Needless to say, David has a lot to bring to the table for us as real estate investors. So, we're honored to have him on the show today. Welcome David, how are you doing?
David Richter: I’m doing great. Thanks for having me on.
Seth: Yeah, absolutely. Maybe to just kick things off here. So, how did you first discover Profit First? What's your story?
David Richter: My story, here we go. I read "Rich Dad Poor Dad" in college. So that was the thing that got me into real estate. I started working with a company after I'd done some of my own deals and I was a real estate investor, and I also started working with an investing company. And by the time I left there, we were doing about thirty deals a month, wholesale, fix and flip, turnkey, rental own, lease op, and everything in between. And what I saw there, I got to sit in every single seat. So, marketing, acquisition, dispositions, the finance seat, transaction coordination, like everything in a small real estate company or a growing one.
And one of the seats I really liked was the financial seat because I finally got to learn about what small business finances actually meant. Like how the deal when everyone says you should buy it, right? Because that's where you make all your money, how that translated into the actual dollars and cents at the end of the day, and how you could use that.
So that was super beneficial to be able to sit in all those seats and then see the financial picture behind those seats and be like, okay, this is how the company comes together to make the money. And then I was seeing too we grew to about from five deals a month to 30 deals a month, but then we also grew from five employees to 25 employees. So as much as we've gotten to coming in that much or more was going out too. That was one thing I got to see just how it doesn't matter what your top line is, it really matters what you're keeping at the end of the day. And I could see that tangibly right there.
So that was like the big eye-opener to me. And then I had to make a move cross-country because we could, and I sold my portfolio that I had and we moved to be closer to family and started working with another investor and started helping him clean up his finances and get that picture. After we did that, he told me and said like, “Hey, this has changed my life.” And I was like, “Okay, I got to start a company to help people in the real estate investing world because I can speak that language and whatnot.” And then someone called me, that was a mentor that said, “Hey, I heard what you're doing. You should read the book Profit First. I think you'll like it.” And I said, okay, I'll read it.
So, I read it that night. I took 10 pages of notes and I was like, “Oh yeah, this has to be a part of the framework of the company because it's written for the entrepreneur.” It's written for the deal maker to be able to manage an area, which is scary to a lot of entrepreneurs. So, I was like, I got to put this in play. Really, one of the mentors that I had from the company that I used to work at was like, “Hey, you should read this book. I heard what you're doing.” So that was how I was introduced to Profit First and kind of the background of my real estate investing journey as well.

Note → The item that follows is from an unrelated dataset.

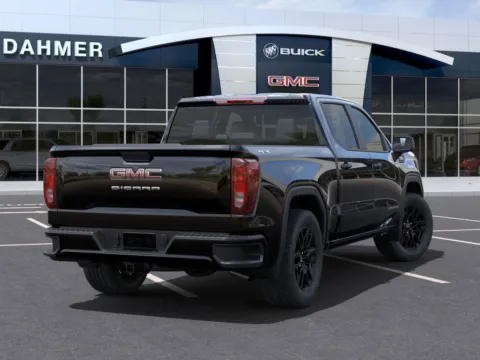 More photos of 2025 GMC Sierra 1500 Pro at Cable Dahmer of Topeka, KS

Jaren: Yeah. It's super powerful, man. I can speak first-hand about how powerful Profit First has just completely revolutionized not only my land business and my real estate pursuits but even my personal finances, like I just had no working framework.
I don't know how many of our listeners can relate out there, but I stumbled into real estate and I kind of had to make it my career. My worst subject in school was math. And I made an entire career out of doing things that require math every single day.
When I got ahold of Profit First, essentially, it was like putting on glasses. It took the fuzzy picture of what finances and managing finances was for me, like the low-resolution picture, and just made it HD. It just made it all sync and revolutionized my life. I mean, even now my land business is really starting to take off in a really good direction. We're really ramping things up and it's healthy. It's really like, I don't hate my land business anymore. I know it's a good thing and it's not a point of stress. It's a real point of joy.
So, obviously, I kind of stole the show there. The question that I have for you is why do you believe in this model so strongly David? I mean, obviously, I believe in it super strongly, but what about you? Obviously, for you to become a Profit First certified professional, you must really believe in it. So why do you believe in it?
David Richter: Yeah. For reasons of—like your story. And now that we've seen it in play with real estate investors, it's changing their lives and that's not an understatement. I know everyone says that like, “Oh, this new thing changed my life” and whatnot, but we've really seen that it's an area that's a touchy subject with a lot of entrepreneurs because they're like you, they jumped into it. They have no idea what they're doing on the financial side. They're like, “As long as I make money, everything's going to be okay.” And that's how they treat that side. Or they give it to their accountant and bookkeeper and say, “You do that. I do this. Just make sure I don't go under.” And it's like, they don't even look at that side.
And Profit First makes it like that picture-perfect. Very clear of where you are, where you stand financially. And I've got a bunch of stories from clients that we've implemented. One of the biggest changes I saw, there was one guy who was stressed out in 2019, lost $70,000 that year. And that's quite a bit of money to him. I mean, it's a good, decent amount of money to anyone, and he lost $70,000 that year. And he was just burnt out. His wife had started working with him that year inside the business. And she told me later on, she started having seizures because it was so stressful. Like it was absolute chaos.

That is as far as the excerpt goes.